Crystal Growth and Characterization of Li0.9Mo6O17

Purple bronze Li0.9Mo6O17 has attracted researchers for its low dimensionality and corresponding properties. Although it has been studied for nearly two decades, there are still some unsolved puzzles with this unique material. Single crystals of Li0.9Mo6O17 were grown using the temperature gradient flux technique in this research. The crystal growth was optimized by experimenting different conditions and good quality crystals were obtained. X-ray diffraction results have confirmed the right phase of the crystals. Resistivity measurements and magnetic susceptibility measurements were carried out, and anomalous electronic behaviors were found. All of the samples showed the metal-insulator transition near 20K, followed by behavior that differs from sample to sample: either superconducting, metallic or insulating behavior was observed below 2K. Li0.9Mo6O17 was considered as a quasi-one-dimensional crystal and also a superconducting crystal, which implies a dimensional crossover may occur at the metal-insulator transition.
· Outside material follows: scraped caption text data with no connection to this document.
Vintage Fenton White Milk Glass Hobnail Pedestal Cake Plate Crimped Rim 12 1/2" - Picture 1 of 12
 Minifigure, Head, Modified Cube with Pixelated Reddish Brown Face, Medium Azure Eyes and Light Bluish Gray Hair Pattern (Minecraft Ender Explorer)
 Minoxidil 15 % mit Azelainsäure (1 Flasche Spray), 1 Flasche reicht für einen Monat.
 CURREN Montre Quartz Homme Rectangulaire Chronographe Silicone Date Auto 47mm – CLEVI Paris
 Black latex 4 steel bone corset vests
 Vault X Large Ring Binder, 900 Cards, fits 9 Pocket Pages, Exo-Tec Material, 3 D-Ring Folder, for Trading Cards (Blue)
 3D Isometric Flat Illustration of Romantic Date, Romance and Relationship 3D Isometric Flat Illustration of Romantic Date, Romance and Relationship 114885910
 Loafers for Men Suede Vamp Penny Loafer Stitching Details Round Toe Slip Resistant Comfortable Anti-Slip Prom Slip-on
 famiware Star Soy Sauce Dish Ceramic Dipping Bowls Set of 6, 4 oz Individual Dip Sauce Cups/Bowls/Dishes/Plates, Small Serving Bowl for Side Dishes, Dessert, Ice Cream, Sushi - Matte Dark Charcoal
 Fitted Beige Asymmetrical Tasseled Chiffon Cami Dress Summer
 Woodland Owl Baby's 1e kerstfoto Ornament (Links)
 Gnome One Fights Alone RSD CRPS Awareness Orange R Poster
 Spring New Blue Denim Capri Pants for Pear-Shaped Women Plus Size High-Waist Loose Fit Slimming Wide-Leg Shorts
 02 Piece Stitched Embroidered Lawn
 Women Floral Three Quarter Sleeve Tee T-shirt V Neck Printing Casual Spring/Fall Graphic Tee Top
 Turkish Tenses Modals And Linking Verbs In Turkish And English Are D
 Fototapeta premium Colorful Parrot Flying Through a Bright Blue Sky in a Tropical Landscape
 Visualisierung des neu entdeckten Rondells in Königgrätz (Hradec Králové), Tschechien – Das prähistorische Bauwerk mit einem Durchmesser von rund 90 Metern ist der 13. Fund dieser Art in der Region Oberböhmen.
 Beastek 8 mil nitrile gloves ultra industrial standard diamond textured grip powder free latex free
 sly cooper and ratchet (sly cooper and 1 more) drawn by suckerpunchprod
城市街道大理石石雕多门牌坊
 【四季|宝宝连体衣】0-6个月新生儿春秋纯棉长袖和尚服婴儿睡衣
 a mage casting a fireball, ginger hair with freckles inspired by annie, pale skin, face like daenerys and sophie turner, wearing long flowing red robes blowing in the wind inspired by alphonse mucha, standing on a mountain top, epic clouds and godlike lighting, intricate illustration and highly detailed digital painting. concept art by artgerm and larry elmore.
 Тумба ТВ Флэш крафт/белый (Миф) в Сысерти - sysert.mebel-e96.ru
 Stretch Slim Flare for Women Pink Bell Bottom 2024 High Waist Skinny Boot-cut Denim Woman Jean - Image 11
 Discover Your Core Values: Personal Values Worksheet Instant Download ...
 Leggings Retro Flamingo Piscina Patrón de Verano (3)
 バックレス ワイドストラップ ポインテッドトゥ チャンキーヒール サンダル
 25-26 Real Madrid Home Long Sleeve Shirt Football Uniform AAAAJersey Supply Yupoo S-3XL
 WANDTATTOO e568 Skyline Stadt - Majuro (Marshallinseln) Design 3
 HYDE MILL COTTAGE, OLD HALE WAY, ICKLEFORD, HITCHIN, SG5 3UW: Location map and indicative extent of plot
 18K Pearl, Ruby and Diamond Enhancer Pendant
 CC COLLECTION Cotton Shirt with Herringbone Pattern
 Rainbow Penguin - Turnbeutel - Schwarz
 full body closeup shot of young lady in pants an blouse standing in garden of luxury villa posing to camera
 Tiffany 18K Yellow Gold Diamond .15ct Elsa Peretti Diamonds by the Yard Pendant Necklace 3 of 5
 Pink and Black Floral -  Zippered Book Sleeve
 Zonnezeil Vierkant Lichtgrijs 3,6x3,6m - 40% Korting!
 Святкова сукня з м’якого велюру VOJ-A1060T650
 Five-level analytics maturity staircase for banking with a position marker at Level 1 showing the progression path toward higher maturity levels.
A two-band scenario of the Luttinger liquid model was used to fit the resistivity data and excellent results were achieved, suggesting that the Luttinger theory is a very good candidate for the explanation of the anomalous behavior of Li0.9Mo6O17. In addition, the susceptibility measurements showed Curie paramagnetism and some temperature independent paramagnetism at low temperature. The absence of any anomalous magnetic feature near 20K where the resistivity upturn takes place, suggests that a charge density wave mechanism, which has been proposed by some researchers, is not responsible for the unique properties of Li0.9Mo6O17.